Flag                               Description

shmsys:shminfo_shmmin              Minimum size of system V shared memory
                                   segment that can be created.

shmsys:shminfo_shmmax              Maximum size of system V shared memory
                                   segment that can be created. This
                                   parameter is an upper limit that is
                                   checked before the system sees if it
                                   actually has the physical resources to
                                   create the requested memory segment.

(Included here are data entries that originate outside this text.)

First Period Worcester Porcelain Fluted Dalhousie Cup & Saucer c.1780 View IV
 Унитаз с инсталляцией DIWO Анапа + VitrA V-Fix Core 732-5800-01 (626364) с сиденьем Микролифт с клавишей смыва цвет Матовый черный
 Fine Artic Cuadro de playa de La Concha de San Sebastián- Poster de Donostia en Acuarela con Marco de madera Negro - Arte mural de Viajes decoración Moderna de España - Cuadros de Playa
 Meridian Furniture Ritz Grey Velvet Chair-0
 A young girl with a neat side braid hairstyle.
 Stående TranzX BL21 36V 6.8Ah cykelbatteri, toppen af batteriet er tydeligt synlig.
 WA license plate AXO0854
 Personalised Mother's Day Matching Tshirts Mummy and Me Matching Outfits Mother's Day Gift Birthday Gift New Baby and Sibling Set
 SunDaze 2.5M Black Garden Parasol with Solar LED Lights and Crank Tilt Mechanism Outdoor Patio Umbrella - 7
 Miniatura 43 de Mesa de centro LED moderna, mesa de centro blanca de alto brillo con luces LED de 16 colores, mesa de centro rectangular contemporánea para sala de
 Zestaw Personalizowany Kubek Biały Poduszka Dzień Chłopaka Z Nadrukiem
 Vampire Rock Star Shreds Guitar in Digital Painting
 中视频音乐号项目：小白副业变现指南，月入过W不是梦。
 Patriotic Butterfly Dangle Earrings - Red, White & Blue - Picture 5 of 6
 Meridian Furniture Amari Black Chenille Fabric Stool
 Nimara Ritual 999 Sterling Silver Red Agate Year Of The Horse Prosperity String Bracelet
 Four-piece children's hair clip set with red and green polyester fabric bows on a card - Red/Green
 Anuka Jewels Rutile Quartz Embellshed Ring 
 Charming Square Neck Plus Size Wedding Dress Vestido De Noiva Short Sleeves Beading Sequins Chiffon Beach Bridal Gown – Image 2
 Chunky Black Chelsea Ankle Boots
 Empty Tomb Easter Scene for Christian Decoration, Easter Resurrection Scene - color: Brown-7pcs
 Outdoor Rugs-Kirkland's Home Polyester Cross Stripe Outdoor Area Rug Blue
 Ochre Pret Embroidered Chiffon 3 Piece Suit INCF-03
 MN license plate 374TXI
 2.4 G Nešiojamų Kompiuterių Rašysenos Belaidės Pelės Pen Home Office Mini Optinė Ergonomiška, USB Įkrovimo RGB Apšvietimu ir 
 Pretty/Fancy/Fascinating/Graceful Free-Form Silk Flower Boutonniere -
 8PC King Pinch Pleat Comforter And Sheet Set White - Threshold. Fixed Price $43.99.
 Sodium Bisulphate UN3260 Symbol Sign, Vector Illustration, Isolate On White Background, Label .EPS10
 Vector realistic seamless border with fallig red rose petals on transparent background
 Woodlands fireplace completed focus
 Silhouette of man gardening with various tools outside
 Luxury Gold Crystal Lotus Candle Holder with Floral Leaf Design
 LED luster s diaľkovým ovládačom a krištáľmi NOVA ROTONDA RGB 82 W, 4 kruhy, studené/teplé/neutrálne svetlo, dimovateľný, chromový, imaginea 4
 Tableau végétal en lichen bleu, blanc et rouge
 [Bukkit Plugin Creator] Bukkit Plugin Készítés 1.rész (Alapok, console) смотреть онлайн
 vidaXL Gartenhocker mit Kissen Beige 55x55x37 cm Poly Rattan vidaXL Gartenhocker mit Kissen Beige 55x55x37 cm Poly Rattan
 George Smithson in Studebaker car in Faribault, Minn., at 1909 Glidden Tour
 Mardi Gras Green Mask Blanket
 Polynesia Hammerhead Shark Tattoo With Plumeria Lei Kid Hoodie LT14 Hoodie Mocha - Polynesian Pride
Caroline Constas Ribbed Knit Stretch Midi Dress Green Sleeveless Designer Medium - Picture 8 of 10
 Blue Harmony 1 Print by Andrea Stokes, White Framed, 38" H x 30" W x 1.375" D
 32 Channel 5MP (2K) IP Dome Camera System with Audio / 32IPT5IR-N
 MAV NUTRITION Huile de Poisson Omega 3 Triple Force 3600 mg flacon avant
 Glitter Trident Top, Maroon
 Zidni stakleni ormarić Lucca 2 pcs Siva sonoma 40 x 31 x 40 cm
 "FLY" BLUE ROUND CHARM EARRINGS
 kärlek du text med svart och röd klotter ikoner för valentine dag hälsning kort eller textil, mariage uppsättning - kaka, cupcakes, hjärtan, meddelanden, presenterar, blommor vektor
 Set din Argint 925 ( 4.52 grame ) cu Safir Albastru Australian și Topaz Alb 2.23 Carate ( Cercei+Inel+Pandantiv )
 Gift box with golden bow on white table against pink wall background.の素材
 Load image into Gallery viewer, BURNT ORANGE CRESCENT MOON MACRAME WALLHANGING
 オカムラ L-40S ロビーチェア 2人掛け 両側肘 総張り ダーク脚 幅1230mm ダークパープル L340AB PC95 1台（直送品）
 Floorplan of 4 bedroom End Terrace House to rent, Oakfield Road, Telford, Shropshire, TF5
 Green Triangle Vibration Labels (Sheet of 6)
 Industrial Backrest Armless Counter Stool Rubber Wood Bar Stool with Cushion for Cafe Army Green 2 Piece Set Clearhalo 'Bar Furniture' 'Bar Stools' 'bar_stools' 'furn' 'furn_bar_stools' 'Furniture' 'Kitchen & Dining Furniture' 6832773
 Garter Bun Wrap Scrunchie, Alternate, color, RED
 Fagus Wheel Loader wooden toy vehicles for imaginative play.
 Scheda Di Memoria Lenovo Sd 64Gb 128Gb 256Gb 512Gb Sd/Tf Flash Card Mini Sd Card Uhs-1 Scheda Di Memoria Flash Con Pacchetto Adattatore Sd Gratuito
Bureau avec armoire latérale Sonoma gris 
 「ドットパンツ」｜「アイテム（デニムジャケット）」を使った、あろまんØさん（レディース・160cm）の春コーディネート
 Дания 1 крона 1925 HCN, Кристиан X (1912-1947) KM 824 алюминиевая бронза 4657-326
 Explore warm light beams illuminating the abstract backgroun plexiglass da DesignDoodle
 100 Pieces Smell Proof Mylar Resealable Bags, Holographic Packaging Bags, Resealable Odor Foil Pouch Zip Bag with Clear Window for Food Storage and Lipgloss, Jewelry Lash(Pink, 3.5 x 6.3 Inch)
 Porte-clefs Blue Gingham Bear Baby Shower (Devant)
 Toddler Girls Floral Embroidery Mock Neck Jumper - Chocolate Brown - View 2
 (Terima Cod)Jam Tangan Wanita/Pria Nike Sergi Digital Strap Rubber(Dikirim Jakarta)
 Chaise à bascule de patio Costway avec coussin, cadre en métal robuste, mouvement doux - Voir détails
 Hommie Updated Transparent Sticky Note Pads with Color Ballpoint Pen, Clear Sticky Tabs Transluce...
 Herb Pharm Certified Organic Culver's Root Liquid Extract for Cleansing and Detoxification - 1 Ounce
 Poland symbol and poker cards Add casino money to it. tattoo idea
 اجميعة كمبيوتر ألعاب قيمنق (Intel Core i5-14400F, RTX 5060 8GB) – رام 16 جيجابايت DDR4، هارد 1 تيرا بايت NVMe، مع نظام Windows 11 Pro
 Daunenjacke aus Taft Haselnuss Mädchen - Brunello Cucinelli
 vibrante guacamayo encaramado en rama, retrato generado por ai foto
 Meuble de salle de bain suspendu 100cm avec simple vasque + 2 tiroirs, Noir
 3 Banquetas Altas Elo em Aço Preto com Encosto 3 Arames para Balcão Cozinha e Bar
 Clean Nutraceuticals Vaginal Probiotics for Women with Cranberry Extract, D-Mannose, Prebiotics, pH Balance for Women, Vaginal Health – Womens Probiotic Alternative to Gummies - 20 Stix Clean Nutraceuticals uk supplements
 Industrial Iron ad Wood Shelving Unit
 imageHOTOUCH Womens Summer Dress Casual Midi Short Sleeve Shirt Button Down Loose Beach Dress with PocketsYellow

shmsys:shminfo_shmmni              System wide limit on number of shared
                                   memory segments that can be created.

shmsys:shminfo_shmseg              Limit on the number of shared memory
                                   segments that any one process can
                                   create.

tune_t_fsflushr			   Specifies the number of seconds between
				   fsflush (system daemon for file system
				   flushing) invocations.

autoup				   Along with tune_t_flushr, autoup controls
				   the amount of memory examined for dirty
				   pages in each invocation and frequency of
				   file system sync operations.

segvn_comb_thrshld		   specifies a threshold when two adjacent
				   segvn (vnode segment driver) segments
				   should be concatenated together.

------------------------------------------------------------------

Environment Variables

Flag                               Description

OMP_DYNAMIC			   Enables or disables dynamic adjustment of
				   the number of threads available for
				   execution of parallel regions.

OMP_NUM_THREADS			   Sets the number of threads to use
				   during execution, unless that number is
				   explicitly changed by calling the
				   OMP_SET_NUM_THREADS subroutine.

MT_BIND_PROCESSOR		   This environment variable can be used to
				   bind the LWPs (lightweight processes) of
				   a multithreaded program to processors.
				   Performance can be enhanced with processor
				   binding, but performance degradation
				   will occur if multiple LWPs are bound to
				   the same processor.
				   MT_BIND_PROCESSOR = TRUE: bind LWPs to
							     processors.
				   MT_BIND_PROCESSOR = FALSE: do not bind LWPs
							      to processors
							      (default).
				   For MT_BIND_PROCESSOR=TRUE, LWPs are bound
				   in a round-robin fashion starting with
				   processor whose "virtual-id" is 0.  Virtual
				   processor IDs are consecutive integers that
				   start with 0, and may or may not be
				   identical to the actual processor
				   IDs.  If n processors are available online,
				   then their virtual processor IDs are 0, 1,
				   ..., n-1.

STACKSIZE			   A default stacksize of 4 MB (for 32-bit
				   programs) and 8 MB (for 64-bit programs) is
				   used for additional threads created in
				   an OpenMP program. The environment variable
				   STACKSIZE can be used to set it to
				   a different value. For example,
				   setenv STACKSIZE 2048 creates threads with
				   stacksize of 2 MB each.

MPSSHEAP=<n> 			   Specify the preferred page size for heap.
				   The specified page size is applied to all
				   created processes.

MPSSSTACK=<n> 			   Specify the preferred page size for stack.
				   The specified page size is applied to all
				   created processes.

LD_PRELOAD=mpss.so.1 (Unix)        Allow use of the mpss.so.1 shared object,
				   which provides a means by which preferred
				   stack and/or heap page sizes can be selected.

--------------------------------------------------------

src.alt modification for 331.art_l peak runs

The src.alt for 331.art_l is a modified version of the file scanner.c.

$ diff scanner.c src.alt/fabs/scanner.c
756c756
<     if (abs(ttemp - f1_layer[o][ti].P) < FLOAT_COMPARE_TOLERANCE)
---
>     if (fabs(ttemp - f1_layer[o][ti].P) < FLOAT_COMPARE_TOLERANCE)
903c903
<     if (abs(ttemp - f1_layer[o][ti].P) < FLOAT_COMPARE_TOLERANCE)
---
>     if (fabs(ttemp - f1_layer[o][ti].P) < FLOAT_COMPARE_TOLERANCE)

The integer abs function is changed to fp abs function (fabs) in
two places. fabs is used instead of abs also in ompm2001-isoc-20020619
for 330.art in OMPM: 330.art/src/src.alt/hpg.1/scanner.c.